The brake handle and ratcheting mechanism are an aftermarket unit made to fit a Volkswagon Beatle. These brake handles are primarily used in baja bug type builds and can be purchased for $25-$30. (Photo 6)
A mounting bracket for the brake handle is cut from 3/16″ flat stock and drilled for the mounting bolt. The holes on each end of the bracket are for bolting it to the trike’s frame. (Photo 7)
Photo 8 shows the brake handle bolted to the mounting bar.

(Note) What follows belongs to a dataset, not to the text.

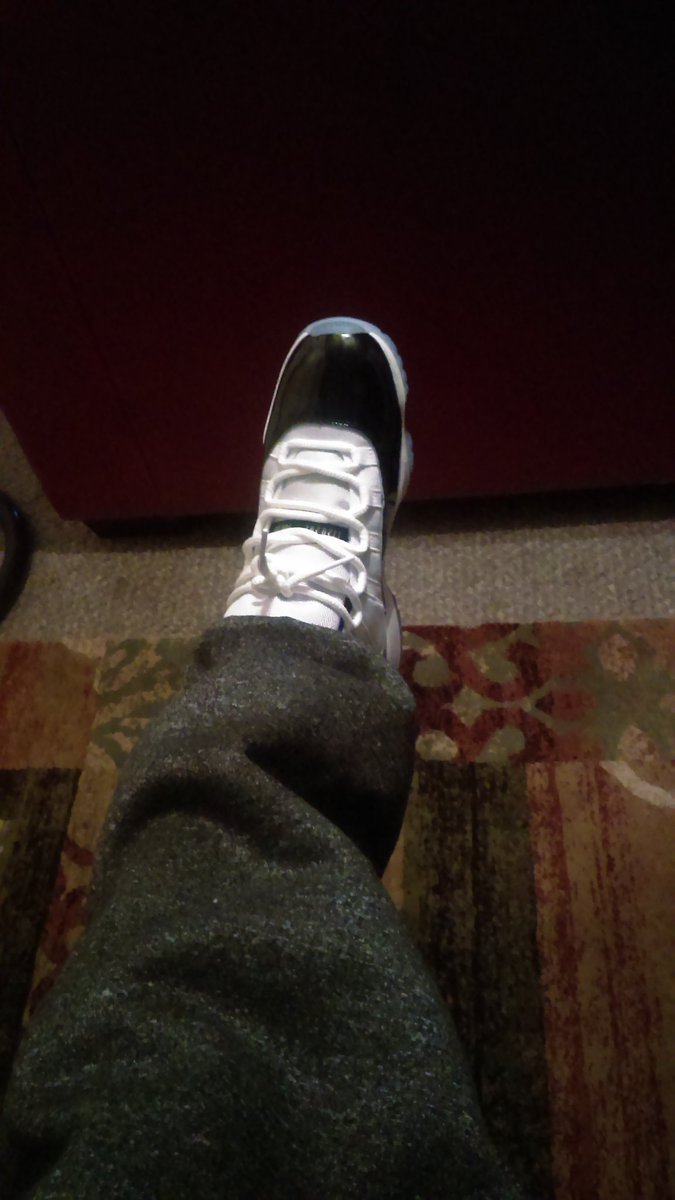 U see the drip #Jordans #jordan11 #jordanfans #shoeporn #jordan45 #drip #sauce #folowback #sneekerhead @QcQuarter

The only drawback to using the Baja bug brake handle is that the ratcheting mechanism is not held stationary by the handle itself. Instead, the slot shown at the red arrow in Photo 9 normally hooks to a tab on the Volkswagon driveshaft tunnel and this tab holds the ratcheting mechanism in a fixed position. So a stop must be fabricated to keep the ratchet fixed.
The stop is cut from angle iron so that it fits the slot but will not interfere with brake lever as it is engaged or released. (Photo 10)
The stop is positioned and then welded to the brake lever mounting bar. (Photo 11)
Photo 12 shows the brake lever bolted to the mounting bar and the ratchet stop (red arrow)
Photo 13 shows the entire brake lever mechanism and stop bolted onto the trike’s frame. The red arrow shows the ratchet stop.
Photo 14 shows the brake lever in the released position. In this position it will be tucked under the “dash” of the trike and partially hidden from view once the dash is installed.